Hacker News new | ask | show | jobs
by spugody 2232 days ago
Who defines what a fair wage is?
2 comments

Whatever enables a dignified existence. It doesn't require much imagination to figure out what's included in that.
Does it include children? How many is considered dignified? Some people have to have 3 just to keep the population steady.

If so, is it appropriate for a childless 18-year-old on minimum wage to earn that much (he could probably lease a Ferrari or retire at 38)

Is it appropriate for a company to pay a childless person less than a person with children? Why? What if he’s sterile?

Seems very tricky to me.

In my country, Sweden, we have a very generous child welfare and parental leave. I have no children though. By your logic I should be envious and bitter? But I'm proud. It's called solidarity and having a healthy society benefits a childless me as well.

It's not tricky, and has been going on for the last fifty years or so just fine.

That's not the same as a minimum wage that is high enough for people to raise three children.

We were talking about wages, not state benefits.

State benefits are a much better way to address income inequality or poverty than minimum wages are.

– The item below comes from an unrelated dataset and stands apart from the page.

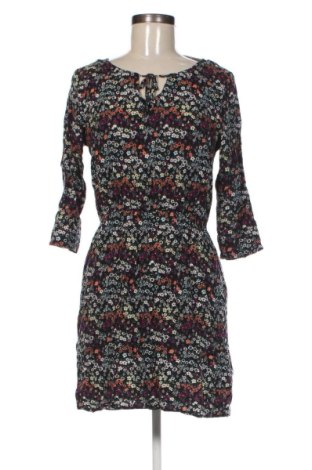 Рокля H&M, Размер M, Цвят Многоцветен, Цена 14,82 €, #136921483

Well, if the businesses and corporations doesn't want to pay the taxes to fund it, they obviously have to fund it instead.
I like how the premise of this argument is that it's somehow horrible to pay someone too much. How horrible that an 18 year old be able to afford more than the rent on a crappy apartment. The more you empower young people with a livable wage the less of an influence their parent's money or lack of is on their life.

Just pick a floor that's good enough for everyone, accept that will be people with low expenses who will be "overpaid", and stop trying to figure out what every individual deserves.

I don’t think we produce enough for every minimum wage worker to earn enough to have 2-3 kids and raise them in a dignified manner (or the equivalent in Ferraris and hedonism). Kids are really, really expensive.
In a free market, the market does.

In most actual cases, some combination of a sort of free market, monopolies over labor (unions) and capital (large corporations), and government regulation does.

It would be better to say the market sets wages to maximize efficiency. With wages being price signals people are supposed to respond to in choosing and changing jobs.

The "fairness" view assumes everyone is born into their jobs somehow and stuck there. If people could choose any job they wanted, fairness is irrelevant because everyone has an equal choice. This is obviously an ideal, but then the opposite extreme is unrealistic too.

the models of market fairness work perfectly in a world where people could simply choose not to work, and where everyone has the ability to work to qualify for any job.

however in the real world people are forced to work by a need to survive, which puts disempowered people in a position to be exploited. and there is unequal access to education, to the leisure time to participate in education, and to the material security required to have a brain that is able to focus on education, so not everyone will be able to even make an attempt to qualify for every job. not to mention the fact that there is unequal access to the networking and connections, and to the non-merit-based "qualifications" that bring certain people to power (e.g. race, gender, sexual orientation, etc. all the isms).

so exploitation and injustice abounds in an unregulated system which tends to entrench and concentrate power within the hands of those who already have it

I've never heard of "models of market fairness", it sounds silly. I called the extreme where fairness was irrelevant an ideal. I take it you agree with that point. Though I don't see that much of what you are saying is particularly crushing to the ideal. In "the real world" one also doesn't need to switch jobs every day like a day trader changing stocks.

I also take it you concede that pursuing fairness leads to reduced efficiency? You can't very well serve two optimals.

> I also take it you concede that pursuing fairness leads to reduced efficiency?

Efficiency of what? Yes, it reduces the efficiency by which overall wealth is created (whatever that means). And yes, it enhances the effiency by which a society provides for the needs of all.